— Work instructions —
Retype, without any change, the first line of the records and every line after it through the one containing "Rolling Stones, England's".

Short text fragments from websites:
▬▬▬

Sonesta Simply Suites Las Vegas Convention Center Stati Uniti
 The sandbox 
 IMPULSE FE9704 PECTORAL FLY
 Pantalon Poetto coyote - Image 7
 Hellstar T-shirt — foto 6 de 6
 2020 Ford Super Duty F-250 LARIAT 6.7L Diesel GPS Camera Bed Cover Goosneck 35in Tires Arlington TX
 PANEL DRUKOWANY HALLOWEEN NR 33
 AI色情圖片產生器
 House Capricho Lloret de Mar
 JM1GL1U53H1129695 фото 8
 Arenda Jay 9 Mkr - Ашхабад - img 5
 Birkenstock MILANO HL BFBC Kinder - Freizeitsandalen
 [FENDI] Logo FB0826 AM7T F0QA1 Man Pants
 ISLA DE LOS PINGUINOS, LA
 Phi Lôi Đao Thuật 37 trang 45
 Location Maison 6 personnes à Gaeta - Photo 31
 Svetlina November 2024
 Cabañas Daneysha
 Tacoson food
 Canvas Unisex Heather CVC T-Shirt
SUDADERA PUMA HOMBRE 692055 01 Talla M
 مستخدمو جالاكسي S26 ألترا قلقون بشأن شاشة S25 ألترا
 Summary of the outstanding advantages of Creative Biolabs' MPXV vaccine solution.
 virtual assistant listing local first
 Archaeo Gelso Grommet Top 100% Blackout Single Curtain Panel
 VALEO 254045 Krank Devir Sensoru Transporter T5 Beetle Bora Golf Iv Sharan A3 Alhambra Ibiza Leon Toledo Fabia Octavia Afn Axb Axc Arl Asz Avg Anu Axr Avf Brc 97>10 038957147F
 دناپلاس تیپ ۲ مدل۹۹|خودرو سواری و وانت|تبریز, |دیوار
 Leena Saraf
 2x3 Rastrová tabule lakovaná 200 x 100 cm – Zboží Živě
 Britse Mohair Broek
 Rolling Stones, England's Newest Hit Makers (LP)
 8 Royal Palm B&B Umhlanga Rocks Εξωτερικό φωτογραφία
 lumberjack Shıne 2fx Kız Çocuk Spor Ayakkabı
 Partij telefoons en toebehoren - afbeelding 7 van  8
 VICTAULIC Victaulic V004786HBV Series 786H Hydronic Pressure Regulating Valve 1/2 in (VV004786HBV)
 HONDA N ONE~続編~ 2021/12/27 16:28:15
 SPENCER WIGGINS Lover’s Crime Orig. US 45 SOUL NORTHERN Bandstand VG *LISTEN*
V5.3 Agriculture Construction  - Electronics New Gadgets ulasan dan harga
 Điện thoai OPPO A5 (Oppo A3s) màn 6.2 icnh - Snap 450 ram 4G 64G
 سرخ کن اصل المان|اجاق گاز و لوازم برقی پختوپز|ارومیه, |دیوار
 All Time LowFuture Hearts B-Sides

▬▬▬

— Your response —
Sonesta Simply Suites Las Vegas Convention Center Stati Uniti
 The sandbox 
 IMPULSE FE9704 PECTORAL FLY
 Pantalon Poetto coyote - Image 7
 Hellstar T-shirt — foto 6 de 6
 2020 Ford Super Duty F-250 LARIAT 6.7L Diesel GPS Camera Bed Cover Goosneck 35in Tires Arlington TX
 PANEL DRUKOWANY HALLOWEEN NR 33
 AI色情圖片產生器
 House Capricho Lloret de Mar
 JM1GL1U53H1129695 фото 8
 Arenda Jay 9 Mkr - Ашхабад - img 5
 Birkenstock MILANO HL BFBC Kinder - Freizeitsandalen
 [FENDI] Logo FB0826 AM7T F0QA1 Man Pants
 ISLA DE LOS PINGUINOS, LA
 Phi Lôi Đao Thuật 37 trang 45
 Location Maison 6 personnes à Gaeta - Photo 31
 Svetlina November 2024
 Cabañas Daneysha
 Tacoson food
 Canvas Unisex Heather CVC T-Shirt
SUDADERA PUMA HOMBRE 692055 01 Talla M
 مستخدمو جالاكسي S26 ألترا قلقون بشأن شاشة S25 ألترا
 Summary of the outstanding advantages of Creative Biolabs' MPXV vaccine solution.
 virtual assistant listing local first
 Archaeo Gelso Grommet Top 100% Blackout Single Curtain Panel
 VALEO 254045 Krank Devir Sensoru Transporter T5 Beetle Bora Golf Iv Sharan A3 Alhambra Ibiza Leon Toledo Fabia Octavia Afn Axb Axc Arl Asz Avg Anu Axr Avf Brc 97>10 038957147F
 دناپلاس تیپ ۲ مدل۹۹|خودرو سواری و وانت|تبریز, |دیوار
 Leena Saraf
 2x3 Rastrová tabule lakovaná 200 x 100 cm – Zboží Živě
 Britse Mohair Broek
 Rolling Stones, England's Newest Hit Makers (LP)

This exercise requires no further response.